Date of Award


Document Type


Degree Name

Master of Science (MS)


Civil Engineering

Committee Chair/Advisor

Dr. Prasad Rangaraju

Committee Member

Dr. Brandon Ross

Committee Member

Dr. Amir Poursaee


As the state of the US infrastructure continues to deteriorate over time, a prominent issue especially in the field of reinforced concrete structures has been the ability to properly rehabilitate and extend the design service life of these structures. A majority of our existing reinforced concrete bridges were built in the construction boom during the 60’s, 70’s and 80’s, and were originally designed with a service life of approximately 50 years, thus showing that many structures are close to or have already exceeded their intended service life. Additionally, with a poor history of government infrastructure funding, it is seen to be infeasible to fully reconstruct these aging structures on a mass scale. Therefore, the only option engineers are left with is to attempt to extend the service life of these structures through various repair and rehabilitation techniques. However, a common phenomenon experienced throughout the country has been the rapid deterioration of these mitigation strategies, such as repairs, likely due to poor planning, implementation, and lack of material compatibility with the existing substrate.

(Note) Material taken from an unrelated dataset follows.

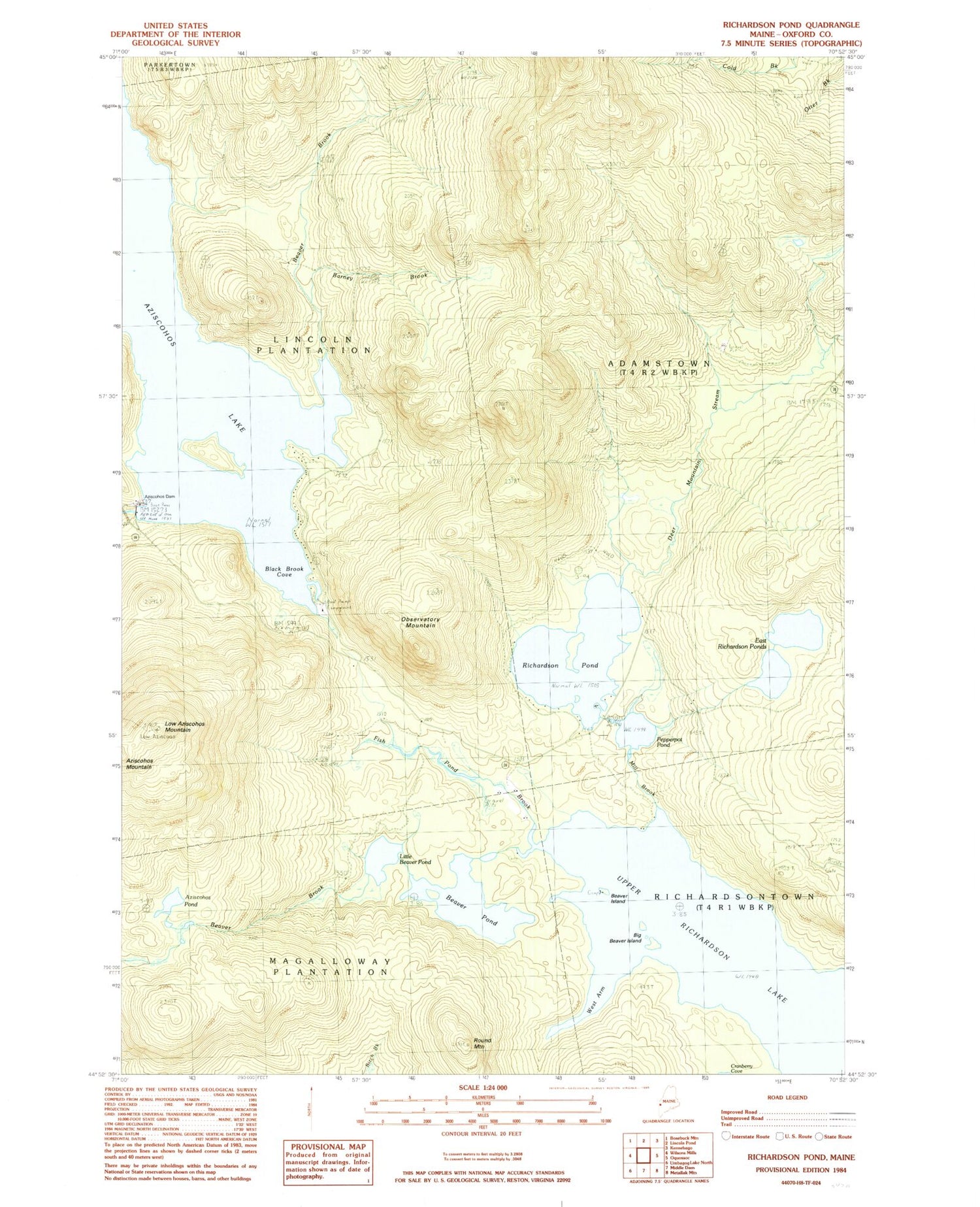 Classic USGS Richardson Pond Maine 7.5'x7.5' Topo Map Image
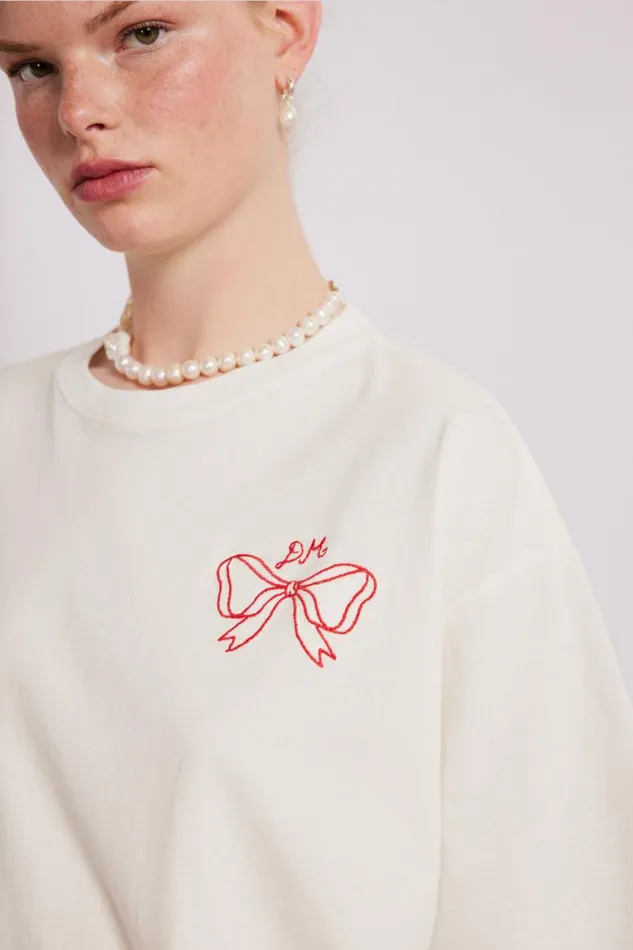 Women Damson Madder Tops Bow Logo Short Sleeve Tee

For concrete bridge deck repair specifically, there are currently several various pre-bagged, repair materials that are readily available on the market. Many of these materials are specially designed for high performance, and exhibit various attributes intended for specific applications. However, the material components are often kept proprietary, and the performance specifications provided are often completed in a controlled lab setting. Thus, restricting knowledge of how these different materials will perform in any given application with different exposure conditions. Additionally, engineers are often forced to make cost-efficient decisions without the proper insight into the makeup of these materials, how they will be affected by the environment, and their compatibility performance as a composite material with existing substrate concrete mixes. All of these factors likely affect the overall performance and longevity of the patching repairs and can ultimately be the direct cause of rapid deterioration before the repair has met its intended design service life.

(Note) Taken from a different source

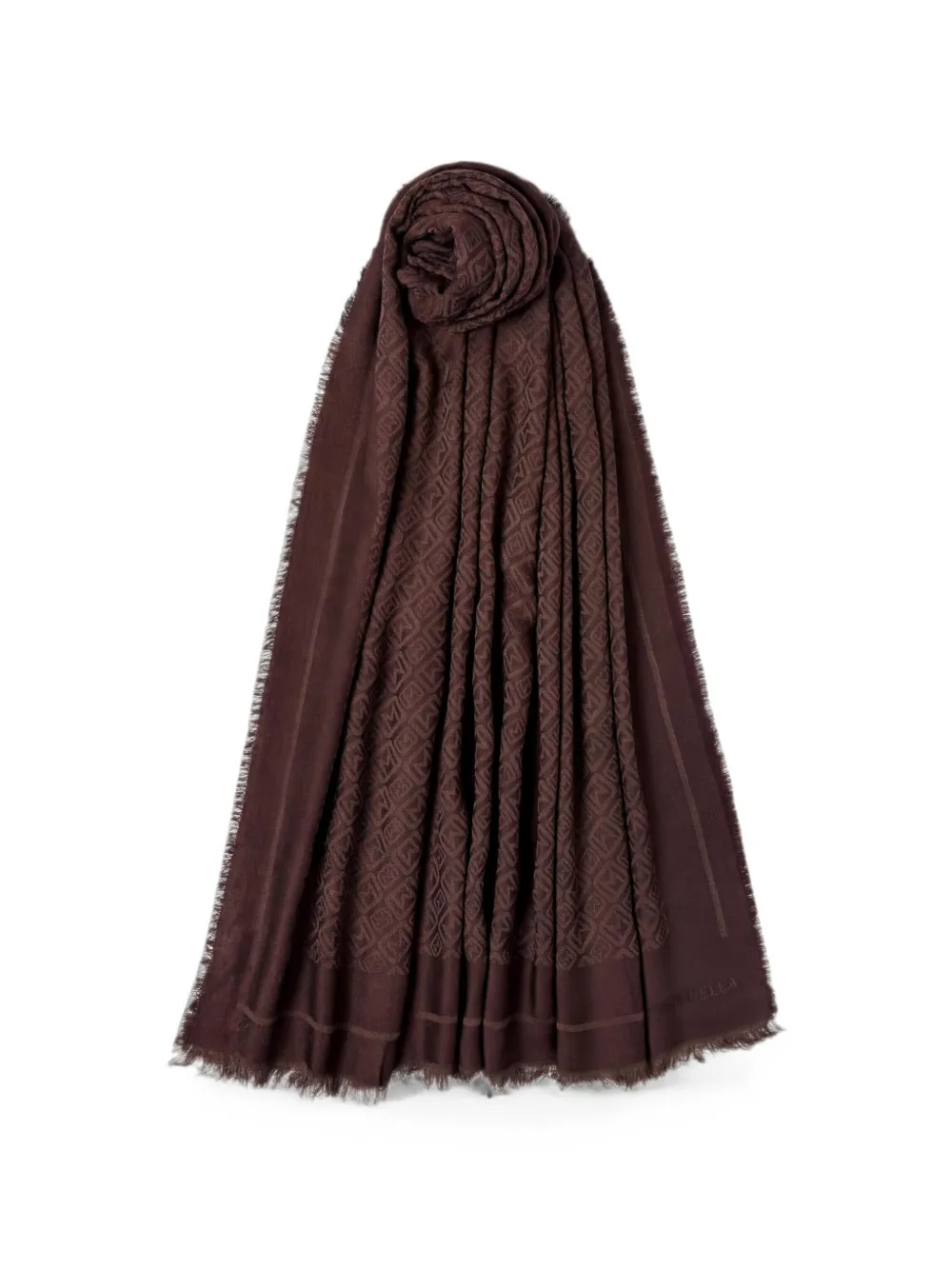 Marella monogram-jacquard frayed-edge scarf - Braun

Literature cites several mechanical and electro-chemical performance properties as direct contributors to a repair’s compatibility with substrate concretes. Properties such as: compressive, flexural, tensile, and bonding strength, elastic and shear moduli, Poisson’s ratio, thermal expansion coefficient, chloride migration resistance and electrical resistivity, all of which are studied and discussed in this thesis. Additionally, several sources directly discuss the impact of environmental exposure conditions during both early and late ages of the repair as potential causes for rapid deterioration of these materials. This thesis studies the hydration reactions and stiffening/hardening behavior and resulting strength performance of these materials in various ambient temperature exposures of 10°C, 23°C and 40°C to simulate material implementation in different geographical areas or during different times of the year.

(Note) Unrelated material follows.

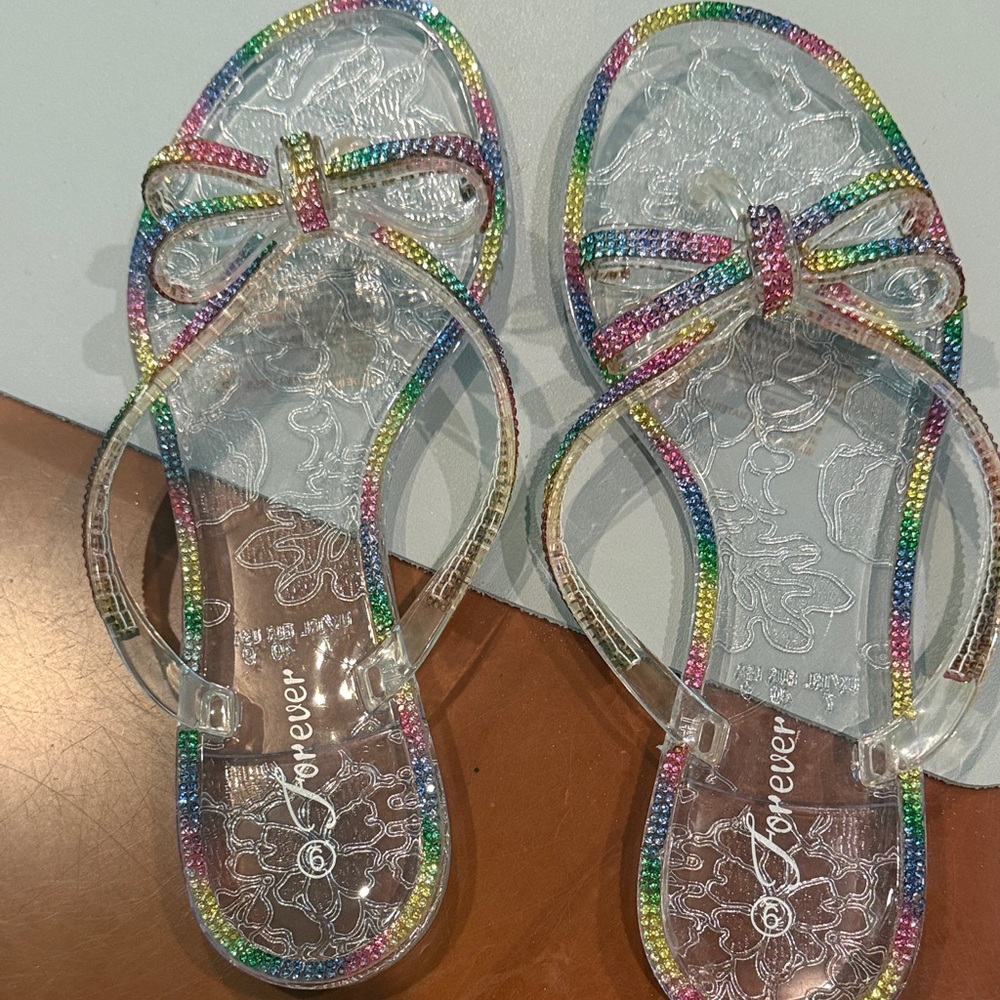 Forever 21 Clear Jelly Sandals with Rainbow Bow Trim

Results from this in-depth study show the wide range of performance properties of the various materials studied and how the vast difference in these values may affect performance and ultimately lead to the rapid deterioration of the repair or the surrounding substrate concrete. The impact of ambient temperature during the placing and curing of these materials may also be a direct contributor to alterations in expected performance properties and overall durability of the materials. However, each material reacts independently from one another and cannot be treated similarly to each other or to a general Ordinary Portland Cement (OPC) based concrete mix. Therefore, each material must be better understood in terms of its individual performance properties, how it reacts to the environment and how it should be implemented in order to avoid rapid deterioration and ensure that it is able to properly extend the design service life of the existing structure.


This thesis covers an in-depth study of various rapid setting concrete repair materials intended for bridge deck repair. The focus of the study was testing numerous mechanical and electro-chemical performance properties to understand their influence on repair/substrate compatibility and durability of the repair.